# [RedHat8.0] Allgemeine Fragen



## Thorsten Ball (8. März 2003)

Hi ihr Linux - Benutzer,

ich hab ( da ich mir wieder mal Red Hat installiert habe ) ein paar
allgemeine Fragen bezüglich KDE und RedHat 8.0 im allgemeinen.

1. Ich hatte früher mal die RedHat 7.3 Version installiert,
und dort gab es, insofern man die Partition gemountet hat,
eine Funktion im KDE Kontrollzentrum die Schriften aus dem /Windows/Fonts/ Ordner
zu importieren. Dies hab ich auch vor,doch leider finde
ich diese Funktion nicht. Gibt es sonst eine 
Möglichkeit meine Windows-Schriftarten unter Linux zu benutzen?

2. Ich habe folgende Soundkarte in meinem Rechner:
"Creative (B) SB Live Player 5.1 (Dolby Digital)". 
Unter Windows funktioniert diese problemlos und wird dank
Software gut unterstützt.
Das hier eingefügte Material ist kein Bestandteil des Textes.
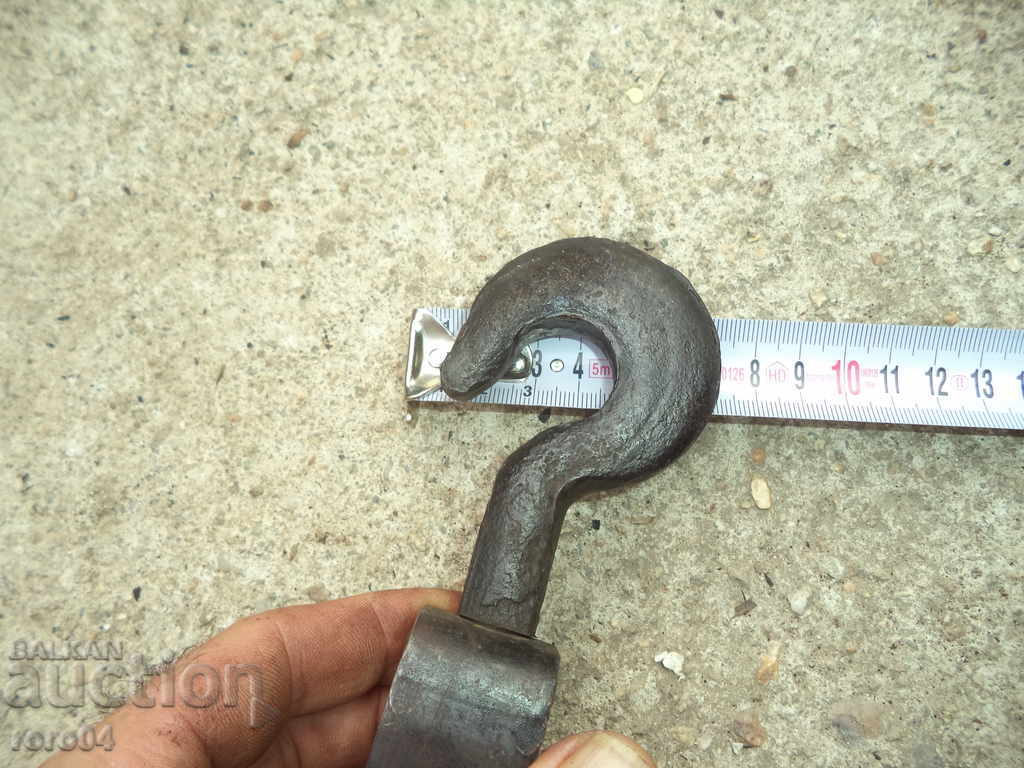 Auction HOOK HOOK Auction HOOK HOOK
Ich habe im KDE Kontrollzentrum bei
"Soundserver" eingestellt dass sie automatisch erkannt wird, 
doch wenn ich ein Testsound abspielen will höre ich gar
nichts und "xmms" kommt gar nicht zum abspielen von den MP3s.
Ich lade eine Datei doch ich kann nicht auf "Play" drücken da
diese nicht als geladen angezeigt wird. Nun, wie kann ich denn diese
Soundkarte zum laufen bringen?

3. Nun wird es für manche etwas einfacher, 
aber da ich mich noch sehr erbärmlich mit Installationen von
Programmen unter Linux auskenne, komme ich nicht weiter. 
Ich möchte nämlich meine "Geforce4 Ti 4200" Grafikkarte 
beschleunigen. Unter nvidia.de gibt es auch verschiedene 
Treiber zum runterladen. Aber ich glaube man braucht 2 und ich weiß
nicht welche und wie ich diese Installiere, denn man muss diese 
,glaub ich, in der console kompilieren und installieren.
Es wäre nett wenn mir jemand bescheid geben kann was ich da brauche und wie ich das installiere.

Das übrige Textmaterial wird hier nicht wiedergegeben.